Em 2003, depois de sacarmos 17,6 bilhões de dólares do FMI, nossas reservas cambiais – utilizadas nas transações com o exterior – ainda estão muito baixas. Estas reservas têm garantido a continuidade do pagamento dos compromissos com os credores. Por isso o FMI tem suprido o país com onerosos empréstimos, que compõem, hoje, a maioria das reservas. Além disso, estes empréstimos devem ser devolvidos ao Fundo até 2007.

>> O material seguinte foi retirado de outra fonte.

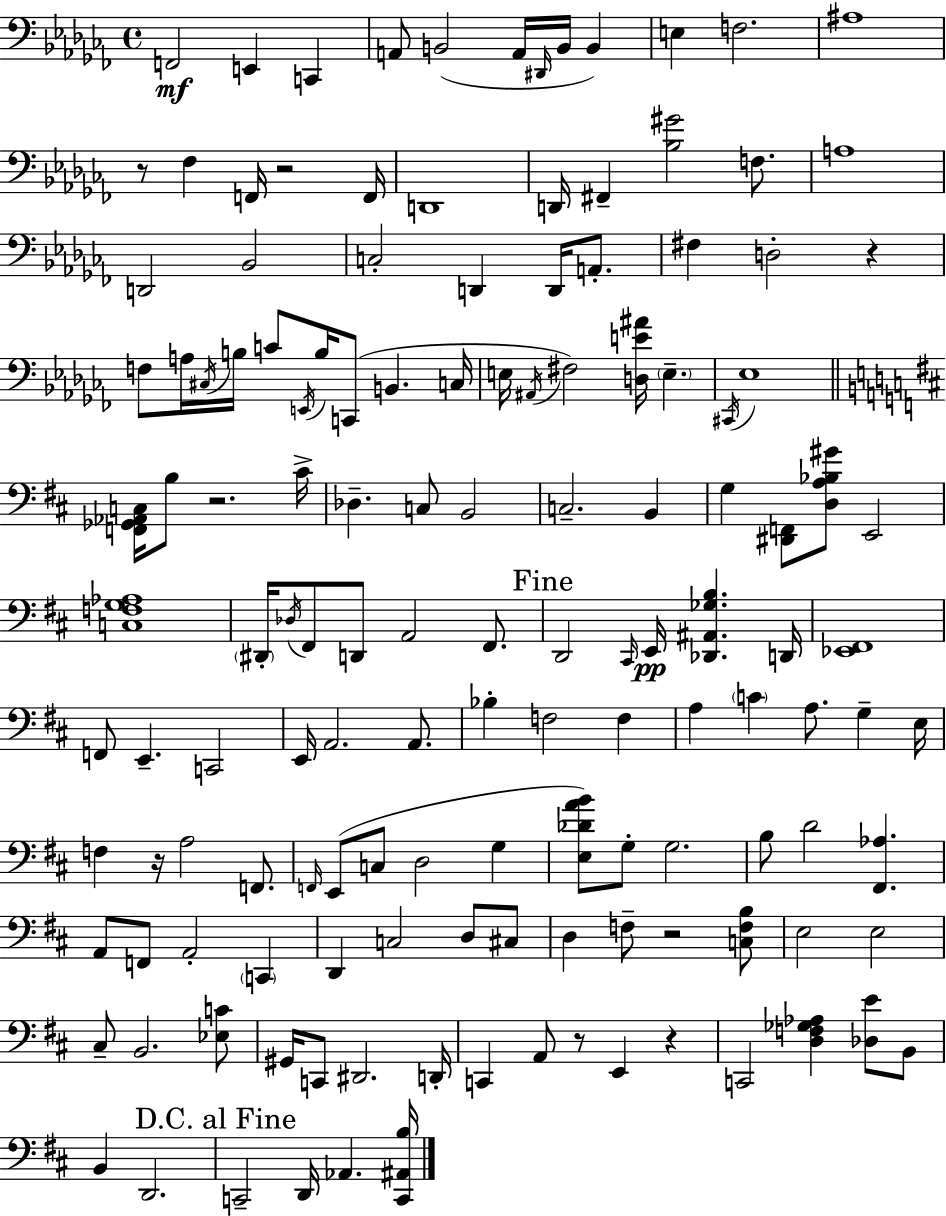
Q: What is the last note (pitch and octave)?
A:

Agravando esta situação, em 2003, o tão comemorado saldo comercial recorde (de 20,5 bilhões de dólares, segundo previsões do governo) não será suficiente nem mesmo para pagarmos a metade de nossos compromissos com o exterior, dentre eles: os juros da dívida externa (13,7 bilhões de dólares), as remessas de lucros das multinacionais aqui instaladas (5 bilhões de dólares), os serviços contratados do exterior (5,5 bilhões de dólares), e as amortizações do principal da dívida (27,1 bilhões de dólares). Ou seja, a opção pelo modelo econômico neoliberal torna o país permanentemente dependente de novos empréstimos para pagar as dívidas anteriores, submetendo-nos aos “acordos” com o FMI, que impedem crescimento econômico e ferem a nossa soberania.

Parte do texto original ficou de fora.